1 piece deboned pork belly, approx. 2-3lb in weight

1 pouch of ready cooked chestnuts
6-8 slices of prosciutto
Zest of 2 clementines and 1 lemon
1 tbs fennel seeds
1 tsp sea salt flakes
2 cloves garlic
olive oil
Oven 170C fan
Toast the fennel seeds in a dry pan until they darken a little, then grind in a spice grinder with the sea salt. Bingo, fennel salt for all your porky needs.
Mash the chestnuts with some olive oil and the zest of 1 clementine.
Grate in 2 cloves of garlic to it, and mix very well.
Lay the pork out flat, skin side down.
Sprinkle with a little fennel salt.
Lay the prosciutto slices on top, tucking them into any crevices, and add some orange and lemon zest.
Smooth the chestnut mixture all across the prosciutto.
Grate over the lemon and the remaining clementine, and sprinkle more fennel salt. I had more clementine than lemon, and I think that worked well.

Roll the pork up, starting at the thicker end, then tie inexpertly with string.

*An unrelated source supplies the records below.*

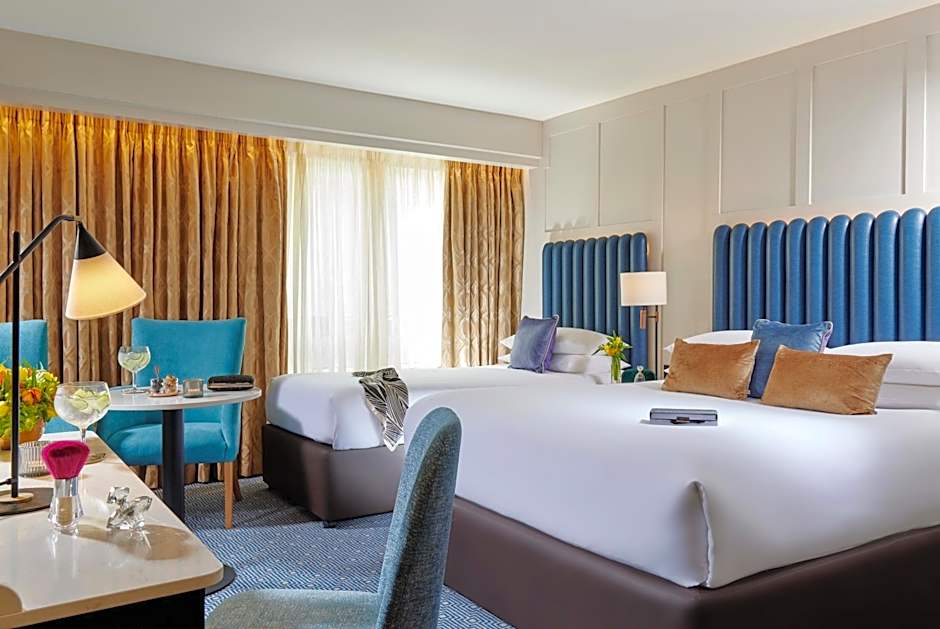 Westport Coast Hotel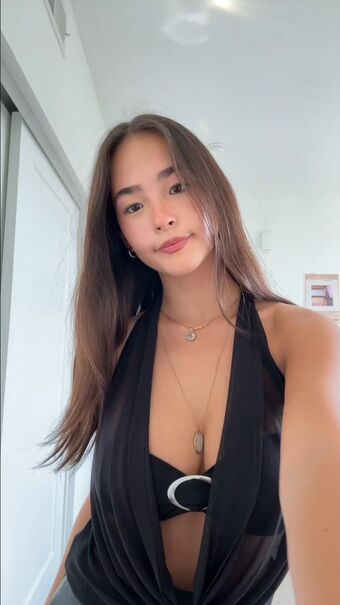 Camilla Marini Nude Leaks OnlyFans Photo 41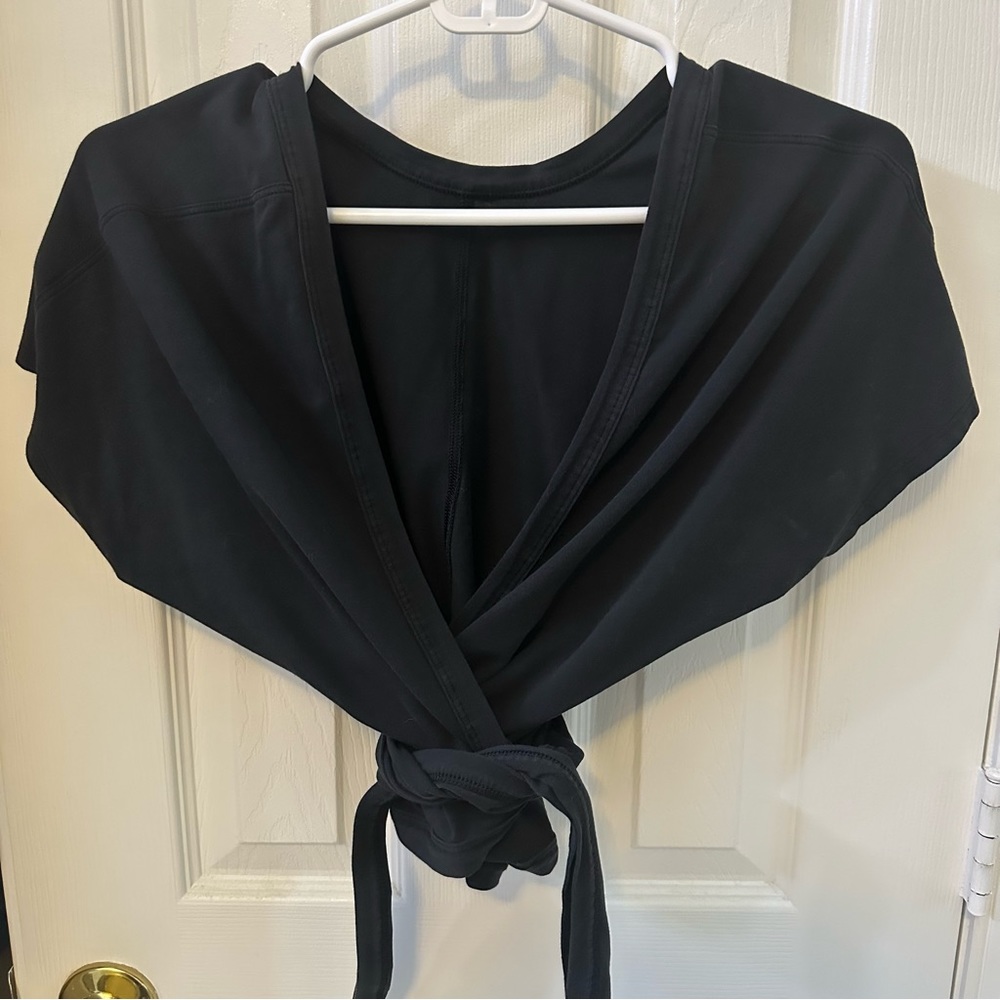 Lululemon Cropped Wrap Tee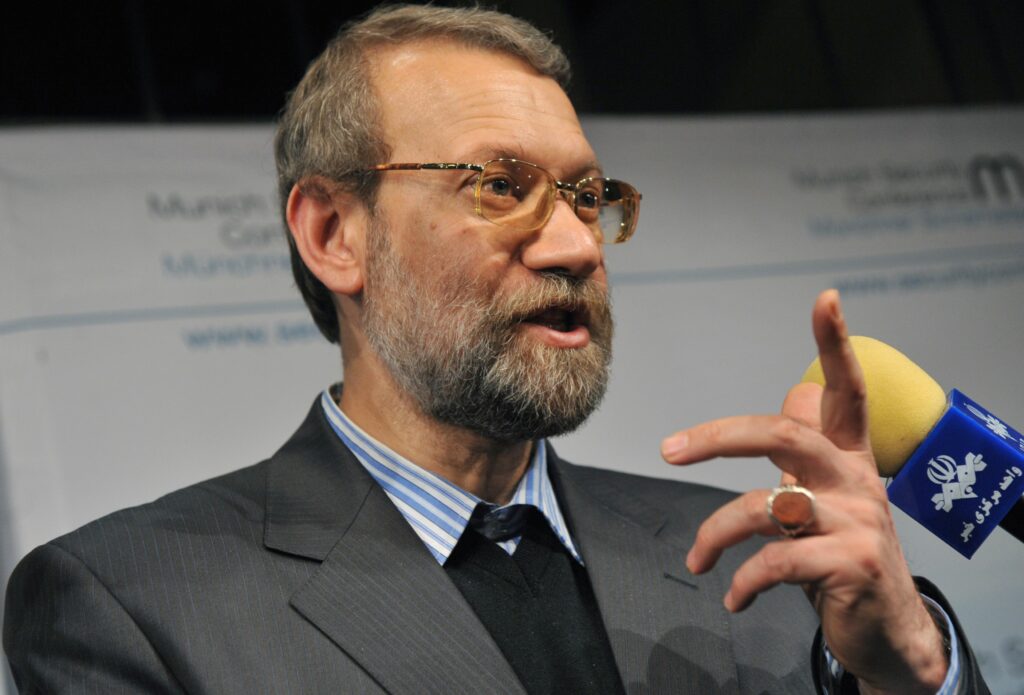 seful-securitatii-iraniene,-ali-larijani,-respinge-negocierile-cu-sua-si-il-acuza-pe-trump-de-haos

Rub olive oil into the skin, then add some more fennel salt, rubbing it all over the skin and getting it into the cracks.
Place the rib bones into a roasting pan, sprinkle some fennel salt on to them and drizzle some olive oil so that they don’t stick to the pan. You want to eat them later!
Rest the rolled pork on top.
Roast for around 2 hours.
Test the internal temperature at 1 and 2 hours. (It needs to get up to 71C, so that will depend on how big your piece of meat is. My meat thermometer has turned into a bit of a godsend, I have to say.)
When the roast reached the correct internal temperature, I switched the oven to the grill setting, in order to crisp up the skin. That took about 5-10 minutes and possibly created a little smoke. [ahem]
Let it rest for at least 15 minutes still sat on the bones to let it relax a bit. Made it easier to get the string off too.
The prosciutto had crisped up inside, so it was a bit resistant to being carved, but I got a slice off in the end, and a really sticky, caramelised rib to have with it too. I served mine with roasted Jerusalem artichokes and honey glazed baby beetroots.
All in all, I call this a big success. The clementine zest works extremely well with the chestnuts and the fennel, and both work with the sweet meat. I’ll definitely do this again, and I am going to make sure to go back to the Turkish shop for more chestnuts. So much easier to buy them that way.
I think a bigger version of this would make quite an impressive centrepiece. Or a lot of leftovers, which is no bad thing.